Wednesday, March 23, 2011

Star Book Review: Sweet Jiminy by Kristin Gore

          A far cry from the political, romantic comedy that her first two chick lit novels, Sammy’s Hill and Sammy’s House, were, Sweet Jiminy takes readers down a new avenue wrought with mystery and southern charm. Jiminy, a twenty-something woman, fled the rural life of Fayeville years ago in search of herself has just dropped out of law school, when she finds herself thinking of no place she’d rather be but home where the roots of her upbringing remain, including her grandmother, Willa, and longtime family friend, Lyn Waters. During her journey home, Jiminy discovers that she was not the first “Jiminy” to have ever lived in Fayeville. In fact, the young girl who shared her namesake was Lyn Waters’ only daughter, who after a terrible incident almost 40 years ago was killed alongside her father, and Lyn’s husband, Edward.

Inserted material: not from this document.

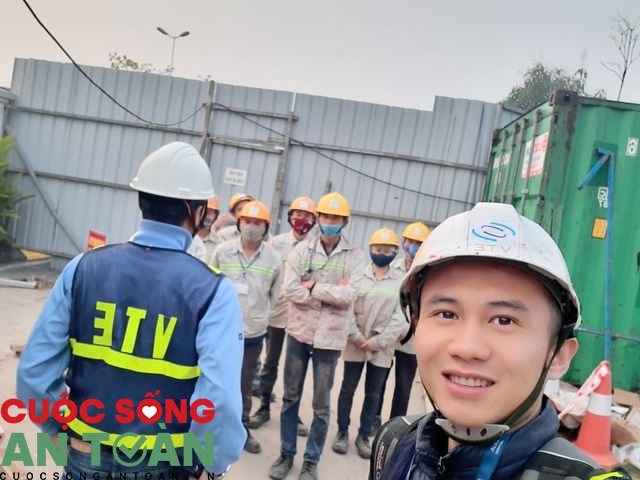 Phát động cuộc thi ảnh “Trai xinh - gái đẹp các khu công nghiệp" tuần 3 Phát động cuộc thi ảnh “Trai xinh - gái đẹp các khu công nghiệp" tuần 3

When Jiminy realizes she stumbled upon a 40-year old unsolved murder case involving the very woman whom it appears she was named after, she becomes obsessed. She utilizes the very skills she learned in the law school she had just run away from and starts asking a lot of questions of the local townspeople. Unfortunately, she is met with much resistance from most of the town’s inhabitants. On one side of the fence are those who only view Jiminy’s curiosity as nosiness and wish she would just mind her business and then, even worse, the other side of the fence is fraught with people who believe that a white girl has “no place” attempting to solve a mystery involving two black persons. In a short time, Jiminy seems to have managed to ruffle the feathers of most of the persons in this small southern town who just want to let the past lie in the past.

Yet something about this case pulls at Jiminy, keeping her awake at night, telling her that the deep and long kept secret of Fayeville’s most famous murder must be revealed. She finds herself doing and saying things she never thought she would (or could) and she begins to see herself grow in the midst of all the commotion. Whether its her connection to the first Jiminy, the pain she sees all over Lynn Waters face regarding the loss of her only daughter and beloved husband or the raw anger she feels towards the very real prejudices of many of the people of Fayeville, Jiminy doesn’t know but whatever it is, Jiminy won’t rest until she can help bring peace to this case.

If Jiminy’s refusal to maintain the deep and long kept secret of Fayeville’s most famous murder weren’t causing her enough difficulty, it would seem she’s really managed to test the tolerance (or lack thereof) of the people’s of Fayeville by engaging in a more than friendly interracial relationship with Lyn Waters’ nephew, Bo. She experiences, firsthand, how real the lingering racial prejudices in Fayeville are affecting her and the mystery behind Jiminy and Edward’s deaths.

            The closer Jijminy gets to finding the answers to a half-century old crime, the drama and danger increase but will her efforts be enough to overcome the force of a town who’s old-fashioned prejudices run just as deep and strong as the secrets they don’t want uncovered.

Sweet Jiminy was shorter compared to her first two books, but I think the length was right in line with most mysteries. All in all, it was a very exciting story with strong characters in a vivid setting. You feel like you are right alongside Jiminy throughout the whole mystery. You won’t want to skip a page. Kristin Gore has really proven herself to me as a writer – she was someone who I once wasn’t sure if I would be interested in her “type” of fiction because of my assumptions about politics, but once again she has shown me what an exceptional talent she has for the art of story-telling. I already can’t wait for her next release (whenever that may be in whatever genre she may choose to tackle).

4 out of 5 stars

Sweet Jiminy is out for release April 26, 2011.

For more on Kristin Gore, visit her Facebook page at:

Or her Author page at Hyperion Books:

Thank you so much to Hyperion and Net Galley for letting my read a pre-release e-book edition of this book.

1 comment:

  1. I should try Kristin's books. It's hard being a celebrity writer. People automatically assume that you're going to be awful. I know I'm guilty of it. A lot people are genuinely talented. For example, I like Joanna Philbin's (Regis's daughter) YA series The Daughters.